I\'m planning on making a distributed database system using a shared-nothing architecture and multiversion concurrency control. Redundancy will be achieved through asynchronous
A great blog that talks a lot about distributed systems and distributed algorithms -- including implementing Paxos -- is http://the-paper-trail.org/
Tackling just a small part of your question: there's no way in the scenario you describe to decide (in the abstract) which node(s) have the latest secondary copy. At best, some node can poll and determine (after a bit of communication) who among the nodes that they know of / can see, and that know of / can see them, and that can't see the old master has the most current copy. But:
On the broader issues, you may want to look at how something like memcached and the like handle the issues, and especially read through the lists to see what problems they've encountered when theory met practice.
* What algorithms there are for doing failover in a distributed system?
Possibly not algorithms, so much as systems. You need to design your architecture around the questions you've asked.
* What algorithms there are for consensus in a distributed system?
You probably want to implement Paxos. Simple Paxos is not too hard to get right. If you're are trying to make it bullet proof, read Google's 'Paxos Made Live' paper. If you're hoping to make it high-performance, look at Multi-Paxos.
* How should the nodes in the cluster determine that a node is down?
Depends. Heartbeats are actually a pretty good way to do this. The problem is that you have false positives, but that's kind of unavoidable, and in a cluster on the same LAN with manageable load they're accurate. The good thing about Paxos is that false positives are dealt with automatically. However, if you actually need failure information for some other purpose then you need to make sure it's ok that you detect a node as failed, but it actually is just under load and taking time to respond to a heartbeat.
* How should the nodes determine that what database entries had their master copy on the failed node at the time of failure, so that other nodes may recover those entries?
* How to decide that which node(s) has the latest secondary copy of some entry?

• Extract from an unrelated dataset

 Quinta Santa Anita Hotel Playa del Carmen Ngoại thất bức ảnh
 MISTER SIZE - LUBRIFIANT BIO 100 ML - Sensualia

* How to decide that which node's secondary copy should be promoted to be the new master copy?
I think you might really benefit from reading the Google FileSystem paper. In GFS there's a dedicated master node which keeps track of which nodes have which blocks. This scheme might work for you, but the key is to keep accesses to this master minimal.
If you don't store this information on a dedicated node, you're going to have to store it everywhere. Try tagging the data with the master holder's id.
* How to handle it, if the node which was though to be down, suddenly comes back as if nothing happened?
See above, but the basic point is that you have to be careful because a node that is no longer the master might think that it is. One thing that I don't think you've solved: how does an update get to the master - i.e. how does a client know which node to send the update to?
* How to avoid split-brain scenarios, where the network is temporarily split into two, and both sides think that the other side has died?
Paxos works here by preventing progress in the case of a perfect split. Otherwise, as before, you have to be very careful.
In general, solve the question of knowing which node gets which data item as the master, and you'll be a long way towards fixing your architecture. Note that you can't just have the node receiving the update be the master - what if two updates happen concurrently? Don't rely on a synchronised global clock either - that way madness lies. You probably want to avoid running consensus on every write if you can help it, so instead perhaps have a slow master-failover protocol and a fast write path.
Feel free to shoot me a mail off line if you want to know more details. My blog http://the-paper-trail.org deals with a lot of this stuff.
cheers,
Henry
You are asking an absolutely massive question, and a lot of what you want to know is still in active research.
Some thoughts:
You'll want to delve into a distributed systems textbook (or several). I like Tannenbaum's Distributed Systems: Principles and Paradigms
This problem was solved by DEC for VMS with the Distributed Lock Manager. Modern solutions are based on this design. Read the Wikipedia article for some current solutions. You should look at OCFS2, which is now part of the Linux kernel.